Kurban Bayramının öncesinde kalbî ve ruhi hazırlığa girebilmemiz için bu günlerin önemini ve özelliğini iyi idrak edip bu günleri hayatımızda fırsat günleri olarak bilmeliyiz. Nebevi bir miras olarak bu günleri oruçlu geçirmeye ve bu günlerde daha çok ibadet etmeye ağırlık vermeliyiz. Hatta affa ve rızaya nâil olmayı hedef kabul ederek bu on günü sanki Ramazan’ın son on günüymüş gibi geçirmeliyiz. Buna güç yetiremeyenler hiç değilse arefe gününü ve bir gün öncesini oruçla ve ibadetle geçirmelidirler. Peygamberimiz arefe gününün faziletine ilişkin olarak “Arefe gününden daha çok, Allah’ın cehennem ateşinden insanları azat ettiği bir gün yoktur” buyurmuştur. (Müslim, Hac, 436) Bu müjdeyi veren Peygamberimiz, Müslümanları bu günlerde daha çok ibadet etmeye teşvik etmiştir. Bizler de bu nebevi mesajı doğru algılayıp kurban bayramı öncesine manevi bir hazırlık yapabiliriz.

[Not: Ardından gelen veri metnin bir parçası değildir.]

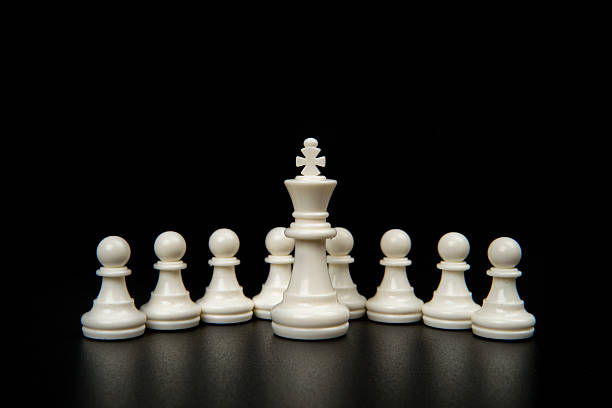 istock White king leading pawns on dark background representing leadership, authority, guidance, vision, and strategic direction in business, management, and organizational success. 2251907734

İslam’da ibadetler sembollerle anlatılmıştır. Bu sebeple Müslümanların bu sembolleri iyi algılayıp idrak etmesi gerekir. Kurban, bireysel ve toplumsal açıdan önemli fonksiyonları olan malî bir ibadettir. Müslüman, kurban kesmekle Allah’ın emrine boyun eğmiş ve kulluk bilincini koruduğunu canlı bir biçimde ortaya koymuş olur. Müminler her kurban kesiminde, Hz. İbrahim (as) ile oğlu Hz. İsmail (as)’in Yüce Allah’ın buyruğuna mutlak itaat konusunda verdikleri başarılı sınavın hatırasını tazelemiş ve kendilerinin de benzeri bir itaate hazır olduklarını simgesel bir davranışla göstermiş olmaktadırlar. Dolayısıyla Müslümanın kurban ettiği koyun, inek, deve değil, heva ve hevesidir. Müslüman Allah rızası için kurban kesmeli ki bayramı yüreğinde, yakınlığı öz benliğinde hissedebilsin. Çünkü bu bayram; Kurban Bayramı, kurbiyyet ânıdır. Allah’a yakınlık bayramıdır. Allah için kesilen bu kurbanlardan akıtılan kanlar, kurban sahibinden de günahların döküldüğünü, kirlerin giderildiğini sembolize eder.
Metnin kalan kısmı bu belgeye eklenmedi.